The multifunctional nature of BRCA1 has led many to believe that it regulates processes such as transcription and DNA repair by a common mechanism. Now, Rong Li and colleagues, reporting in the 10 December issue of The Journal of Cell Biology, provide evidence indicating that this mechanism is chromatin unfolding, and that it is altered by many cancer-predisposing BRCA1 mutations.
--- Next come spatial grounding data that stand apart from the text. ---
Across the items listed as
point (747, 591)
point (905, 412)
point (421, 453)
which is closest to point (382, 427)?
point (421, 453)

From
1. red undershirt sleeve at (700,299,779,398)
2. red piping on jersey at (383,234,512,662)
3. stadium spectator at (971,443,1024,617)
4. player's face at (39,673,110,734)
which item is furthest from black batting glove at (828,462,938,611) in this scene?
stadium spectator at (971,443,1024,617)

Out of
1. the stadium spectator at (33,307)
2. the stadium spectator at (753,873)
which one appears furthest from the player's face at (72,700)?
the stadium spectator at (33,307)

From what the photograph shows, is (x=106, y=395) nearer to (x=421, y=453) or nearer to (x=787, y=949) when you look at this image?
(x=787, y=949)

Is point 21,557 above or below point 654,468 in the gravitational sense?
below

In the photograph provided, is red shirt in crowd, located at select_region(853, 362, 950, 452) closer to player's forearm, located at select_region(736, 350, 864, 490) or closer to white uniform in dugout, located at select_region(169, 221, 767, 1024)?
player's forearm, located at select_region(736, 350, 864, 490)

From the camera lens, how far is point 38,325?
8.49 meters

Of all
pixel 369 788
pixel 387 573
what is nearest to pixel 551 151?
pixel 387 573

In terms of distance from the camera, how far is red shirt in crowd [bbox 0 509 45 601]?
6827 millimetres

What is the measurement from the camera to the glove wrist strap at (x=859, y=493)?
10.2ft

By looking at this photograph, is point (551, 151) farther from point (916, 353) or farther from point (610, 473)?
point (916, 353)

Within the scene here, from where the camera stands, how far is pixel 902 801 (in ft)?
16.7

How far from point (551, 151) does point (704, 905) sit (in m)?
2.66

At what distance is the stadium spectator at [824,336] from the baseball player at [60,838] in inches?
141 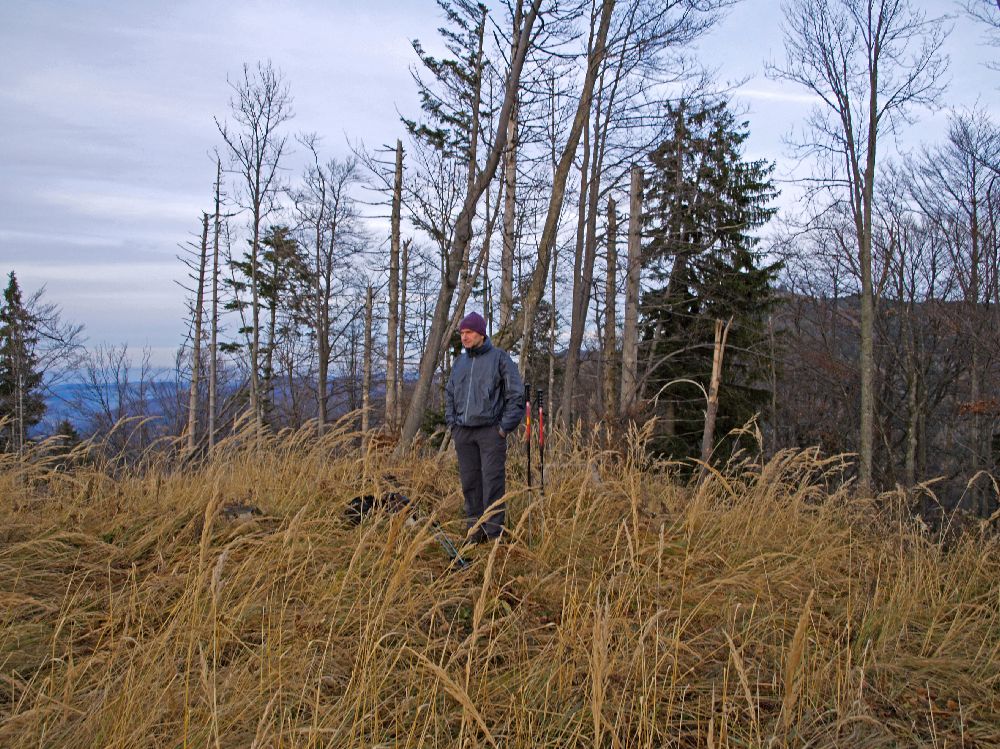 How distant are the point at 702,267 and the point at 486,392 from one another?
1437cm

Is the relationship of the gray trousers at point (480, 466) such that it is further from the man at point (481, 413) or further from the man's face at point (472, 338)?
the man's face at point (472, 338)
To investigate the effect of BRCA1 on chromatin structure, the authors used a cell line containing many copies of the lac operator, which forms a large heterochromatic region. Immunofluoresence using antibodies against the lac repressor — which binds to the lac operator sequences — allows the region to be visualized as a compact nuclear dot. Expression of a BRCA1–lac repressor fusion protein alters this structure in 14% of cells: it becomes irregularly shaped, indicative of chromatin unfolding. The authors used deletion analysis to identify three regions of BRCA1 that could induce this unfolding in BRCA1's carboxy-terminal transcriptional activation domain. They include activation domain 1 (AD1), and the two BRCA1 C terminus repeats (BRCT1 and BRCT2), which lie within AD2.

Histone modification is a known chromatin-regulation mechanism, so is this involved in BRCA1-mediated regulation? Unlike p53 and E2F1 — two other transcription factors that induce chromatin unfolding — BRCA1 does not induce hyperacetylation of histones H3 and H4. It does, however, induce phosphorylation of H2AX, a variant of histone H2A, although this has not been directly linked to chromatin regulation.
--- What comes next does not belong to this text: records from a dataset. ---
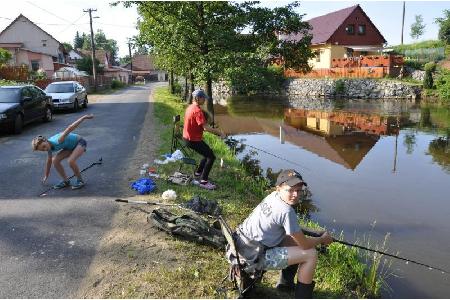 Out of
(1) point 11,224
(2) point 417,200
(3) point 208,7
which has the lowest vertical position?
(2) point 417,200

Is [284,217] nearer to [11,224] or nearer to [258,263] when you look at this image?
[258,263]

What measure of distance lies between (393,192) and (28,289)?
8271 mm

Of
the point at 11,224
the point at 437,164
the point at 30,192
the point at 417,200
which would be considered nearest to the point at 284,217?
the point at 11,224

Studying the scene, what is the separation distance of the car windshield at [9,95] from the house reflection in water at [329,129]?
930cm

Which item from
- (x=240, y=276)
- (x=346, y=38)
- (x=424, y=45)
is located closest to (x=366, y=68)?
(x=346, y=38)

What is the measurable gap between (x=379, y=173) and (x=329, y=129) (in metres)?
8.84

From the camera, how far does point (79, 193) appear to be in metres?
7.84

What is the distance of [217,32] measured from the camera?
52.9 ft

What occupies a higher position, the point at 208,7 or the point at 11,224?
the point at 208,7

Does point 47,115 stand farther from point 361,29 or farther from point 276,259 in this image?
point 361,29

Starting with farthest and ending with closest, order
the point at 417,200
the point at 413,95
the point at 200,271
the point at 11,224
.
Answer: the point at 413,95
the point at 417,200
the point at 11,224
the point at 200,271

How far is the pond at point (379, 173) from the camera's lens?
688 cm

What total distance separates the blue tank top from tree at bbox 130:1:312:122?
925 centimetres

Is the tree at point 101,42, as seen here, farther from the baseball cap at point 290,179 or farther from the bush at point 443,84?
the baseball cap at point 290,179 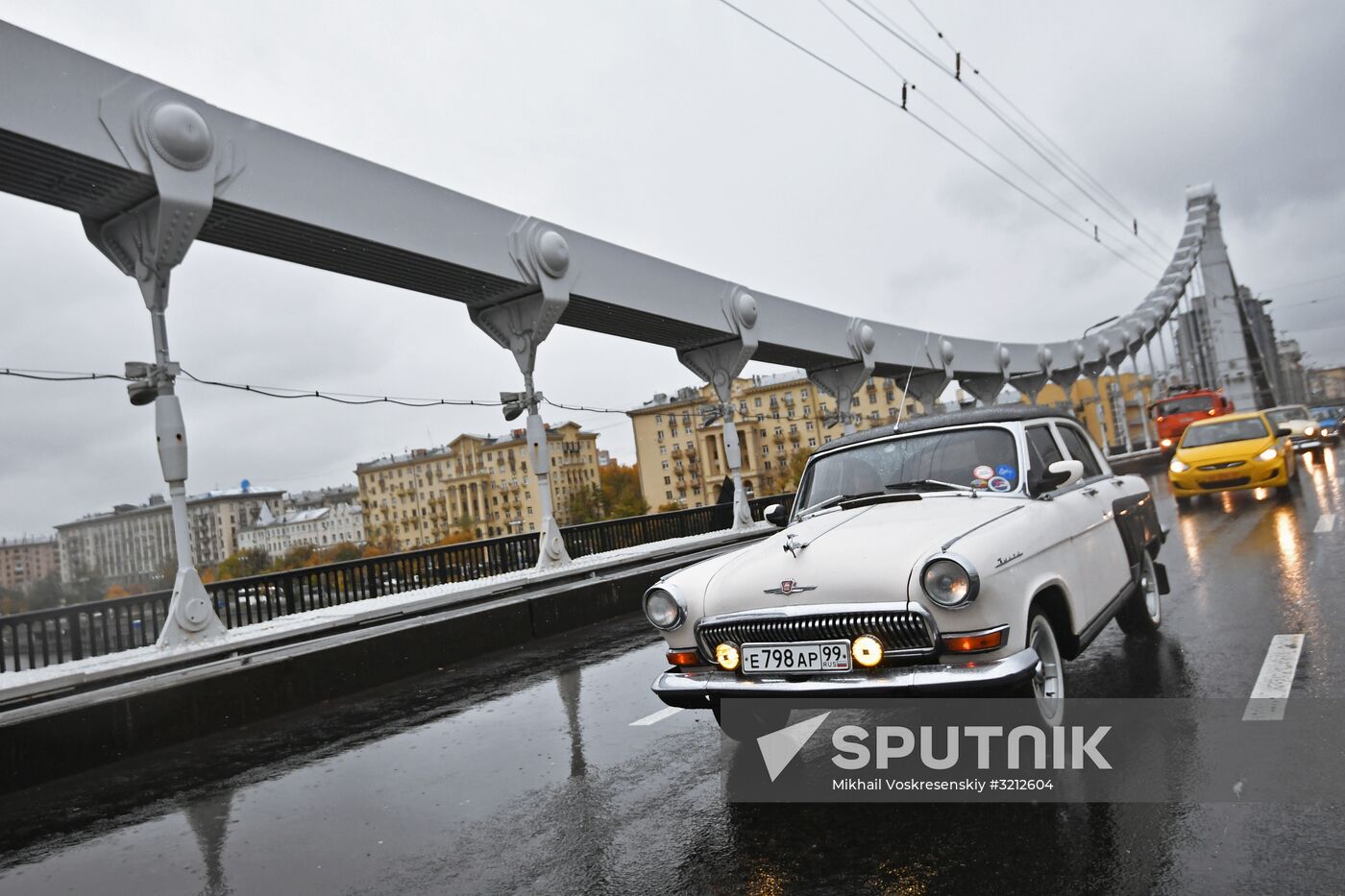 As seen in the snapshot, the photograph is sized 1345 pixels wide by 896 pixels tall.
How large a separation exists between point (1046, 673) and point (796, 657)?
1144 mm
So how is this chromatin regulation related to cancer-predisposing BRCA1 mutations? When classified according to their effect on chromatin unfolding, BRCA1 mutations fall into three classes, two of which have an effect on chromatin regulation. Nonsense mutations result in C-terminal truncations that are defective in transcription and repair, and do not show chromatin unfolding, and mutations within AD2 result in an enlargement of the unfolded chromatin structure and an increase in the number of cells with unfolded chromatin.

What remains to be determined is whether the BRCA1 mutation classes that cause different effects on chromatin unfolding also lead to different effects on risk, types or prognosis of BRCA1-associated cancers.